- Born: December 15, 1931 (age 94) Xingning, Guangdong, China
- Citizenship: Chinese
- Education: Sun Yat-sen University, Fudan University
- Scientific career
- Fields: History, philosophy
- Workplaces: Sun Yat-sen University

= Yuan Weishi =

Chinese historian and philosopher (born 1931)

Yuan Weishi (袁伟时 (袁偉時, Yuán Wěishí); born December 15, 1931) is a Chinese historian and philosopher.

==Biography==
Yuan was born in Xingning, Guangdong. He was admitted to Sun Yat-sen University Department of Economics in 1950, and then went to a master program in political economy at Fudan University. He worked as a faculty member at Sun Yat-sen University Department of Philosophy.

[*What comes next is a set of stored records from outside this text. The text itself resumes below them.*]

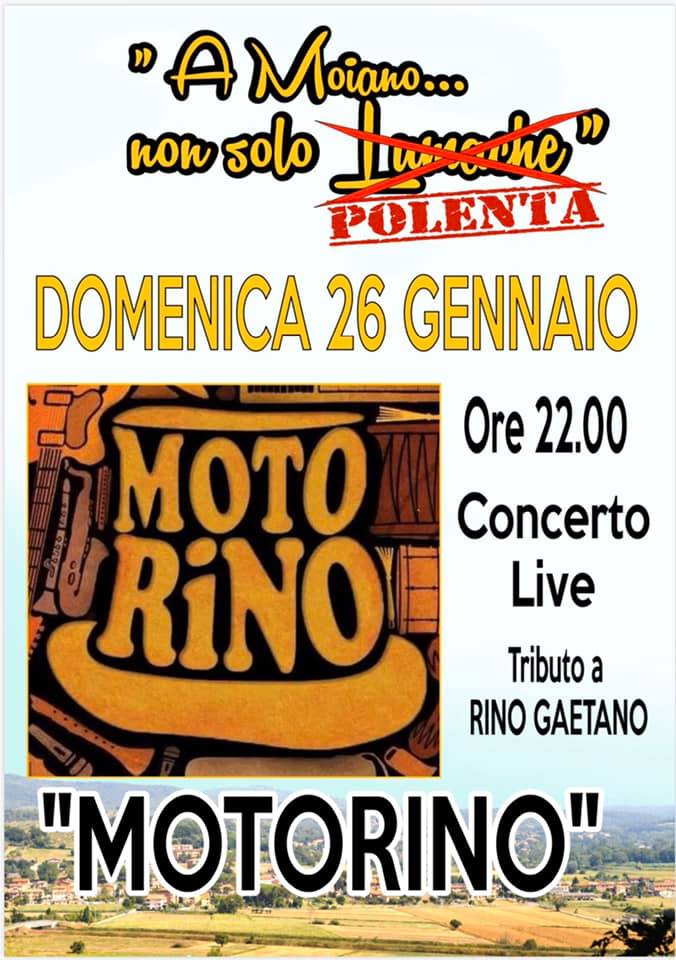 motorino2601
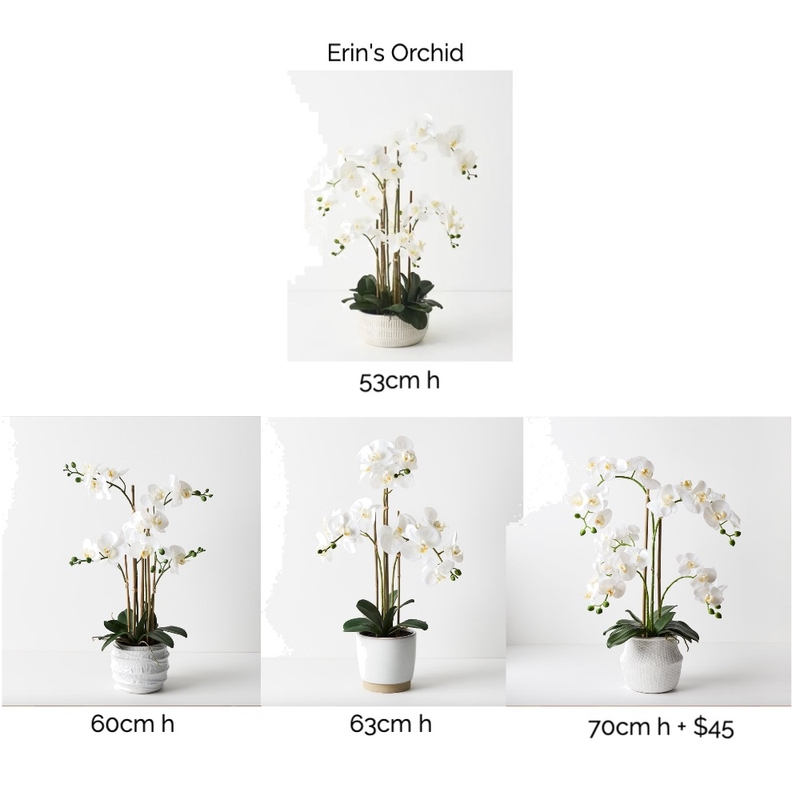 Hodgkinson - Orchids Mood Board by EGanley on Style Sourcebook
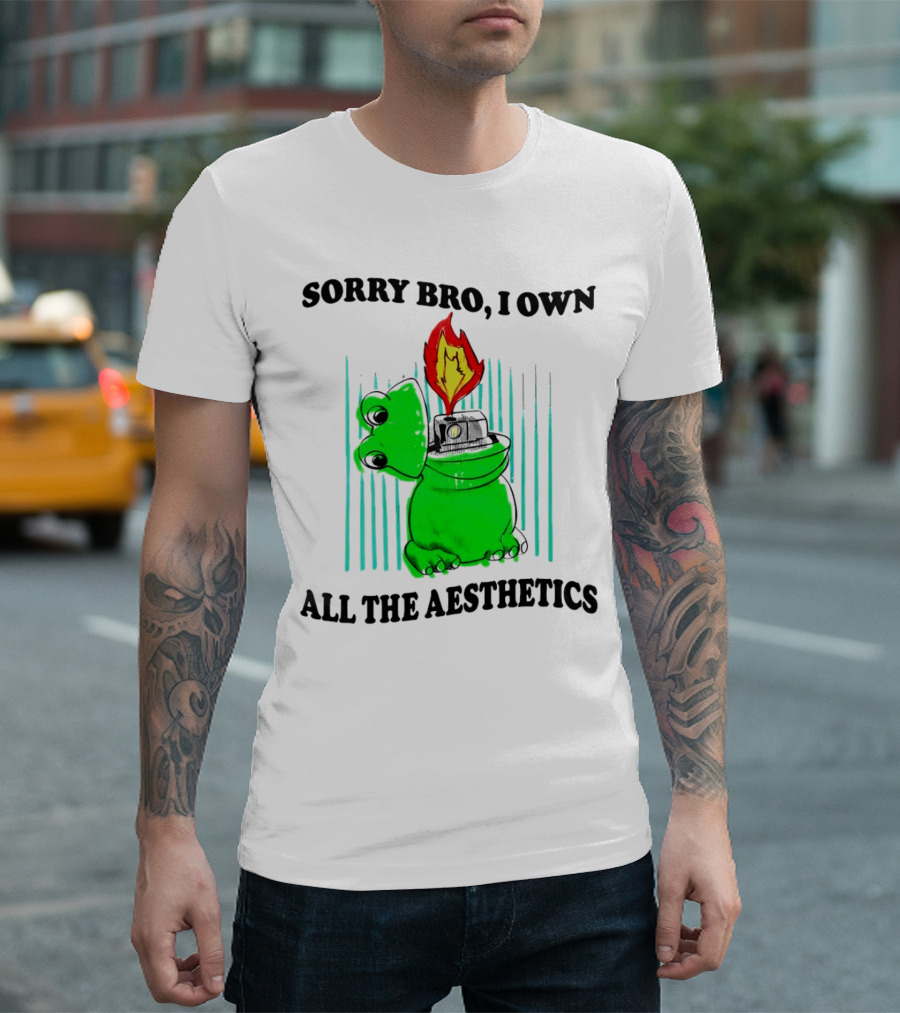 Sorry Bro I Own All The Aesthetics Melting Frog Lighter Flame T-Shirt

In the January 2006 issue of Freezing Point, Yuan published an essay titled Modernisation and History Textbooks, criticizing the official theme of government issued middle schools history textbooks, claiming that they contain numbers of distortions of the historical accounts (see for example in the article about the Boxer Rebellion). Professor Yuan said: "The public, especially the students, have the right to find out the true historical facts."

== Works ==

- A Draft History of Modern Chinese Philosophy: Chinese Philosophy during the Beiyang Warlord Period (中國現代哲學史稿: 北洋軍閥統治時期的中國哲學). Guangzhou: 中山大學出版社. 1987.
- Great Changes in the Late Qing: Tides of Thought and Figures (晚清大變局中的思潮與人物. 1992.
- Republished edition: The Sunset of the Empire: Great Changes of the Late Qing (帝國落日‧晚清大變局). 2003.
- Yesterday's China (昨天的中国). 2012.
- Late-coming Civilization (迟到的文明). 2014.